Sin embargo, el principio del reciclado requiere un examen más profundo. El reciclado funciona bien con vidrio y aluminio, entre otros materiales. Con los plásticos es un poco diferente. A menudo podemos encontrar hasta 3 tipos de plásticos en una botella plástica de refresco común. La tapa, el cuerpo y el rótulo, los cuales están fabricados por diferentes tipos de plástico, que no pueden ser reciclados juntos. Esperar que el consumidor separe cada tipo, es irreal. El espectro de los diferentes tipos de plásticos es tan vasto, que para aplicar el mismo proceso de recolección utilizado para botellas, aluminio y otros materiales, tendrían que existir recolectores diferentes, alineados, para depósito de los diferentes tipos de plásticos.
Más del 90% de los plásticos post- consumo en Argentina nunca son reciclados. La pequeña parte que es reciclada pierde mucho de su resistencia y tiene que tener su espesor incrementado sustancialmente para compensar esta deficiencia y poseer las mismas características de un plástico fabricado con materia prima virgen. La naturaleza funcional de un plástico reciclado es tan pobre que su uso muchas veces es limitado a bolsas muy gruesos para basura. También, estos plásticos reciclados con material plástico post-consumo pueden contener olores y su uso esta prohibido para contacto con alimentos.
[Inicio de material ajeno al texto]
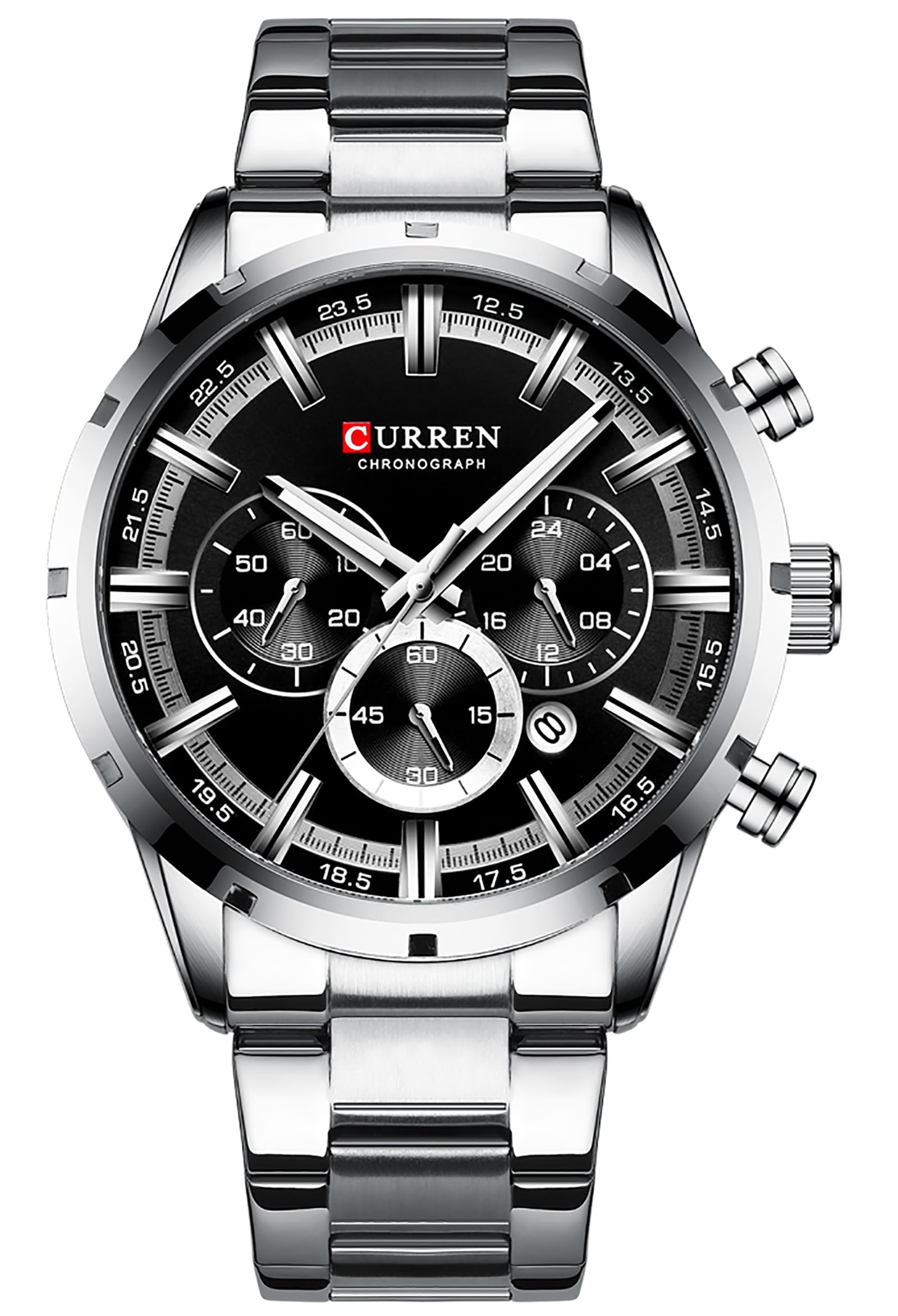 Luxury Men's Stainless Steel Analog Quartz Watch - Waterproof Business Chronograph Dress Wristwatch for Formal & Casual Wear | Perfect for Office, Parties & Everyday Use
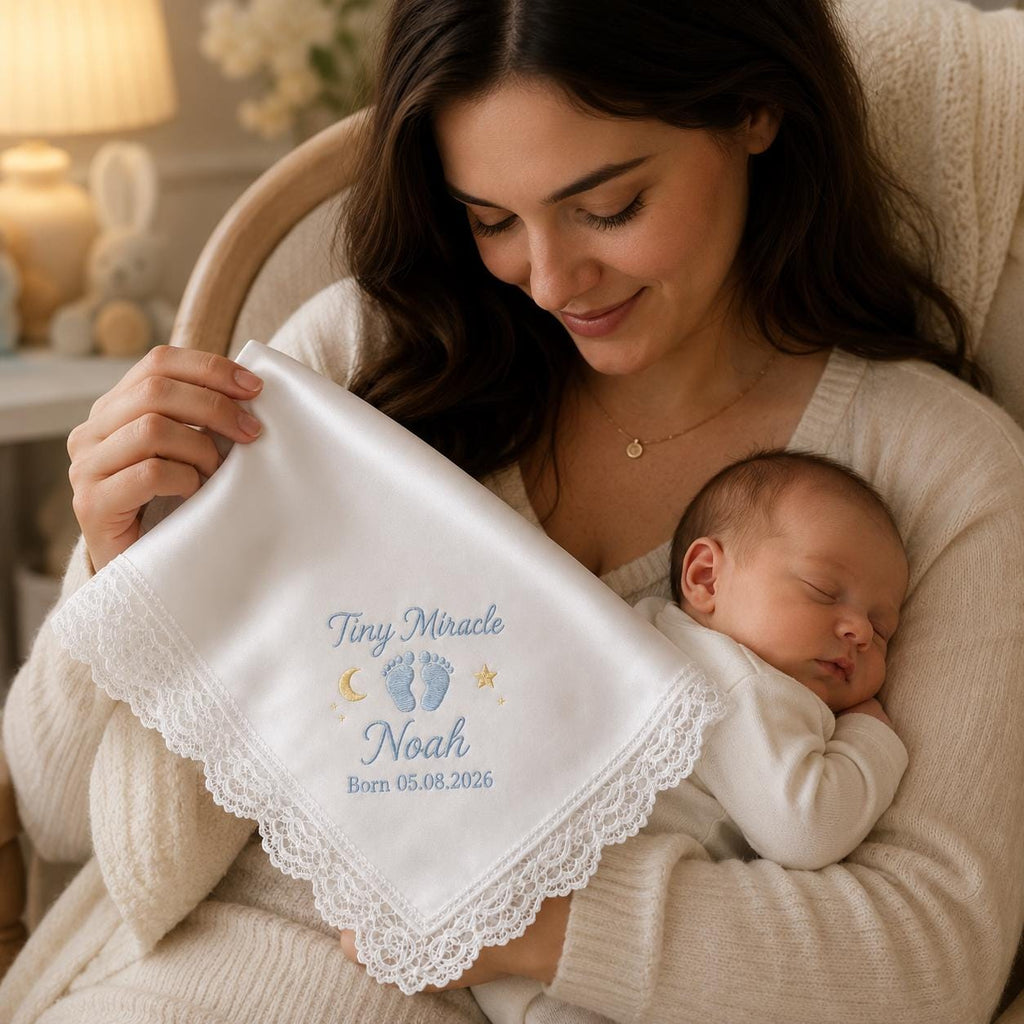 Tiny Miracle Embroidered Handkerchief, Personalized Baby Keepsake Hanky, Custom Newborn Satin Lace Gift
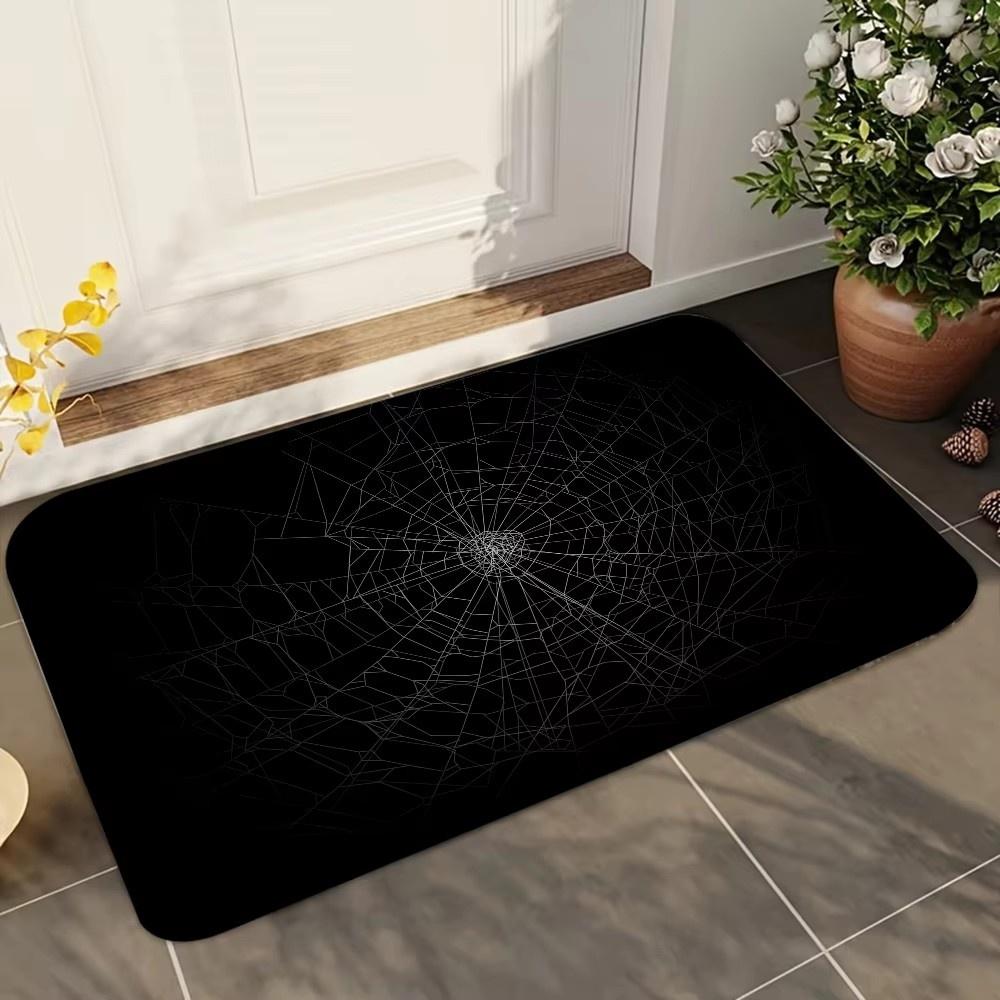 Halloween Spider Mat Non Slip Doormat Living Room Bedroom Kitchen Mat Polyester Easy Care Home Decor Rug Soft Carpet
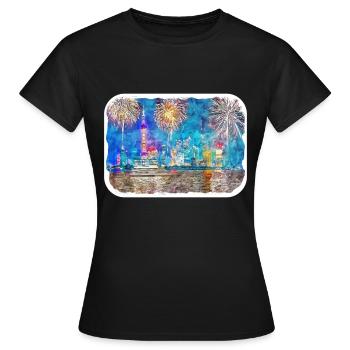 Shanghai Wahrzeichen Aquarell Skizze Illustration - Frauen T-Shirt - Schwarz - Vorne - AI Model Female 172 dark (172cm)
Estas características eliminan la posibilidad de consumo de plásticos reciclados en más del 50% de las aplicaciones.
El consumo de energía para el reciclado de plásticos es significativo. Como consecuencia de la necesidad de tener mayor espesor, por ejemplo el doble, el producto final reciclado será dos veces más pesado, consumiendo más combustible para el transporte, aumentando las emisiones de gases en la atmósfera.
Por lo tanto, necesitando utilizar más material reciclado para fabricar el mismo producto, se utiliza mucha más energía para producir algo que solamente podrá ser utilizado en poquísimas aplicaciones. El reciclado no auxilia como una solución ambientalmente justificable.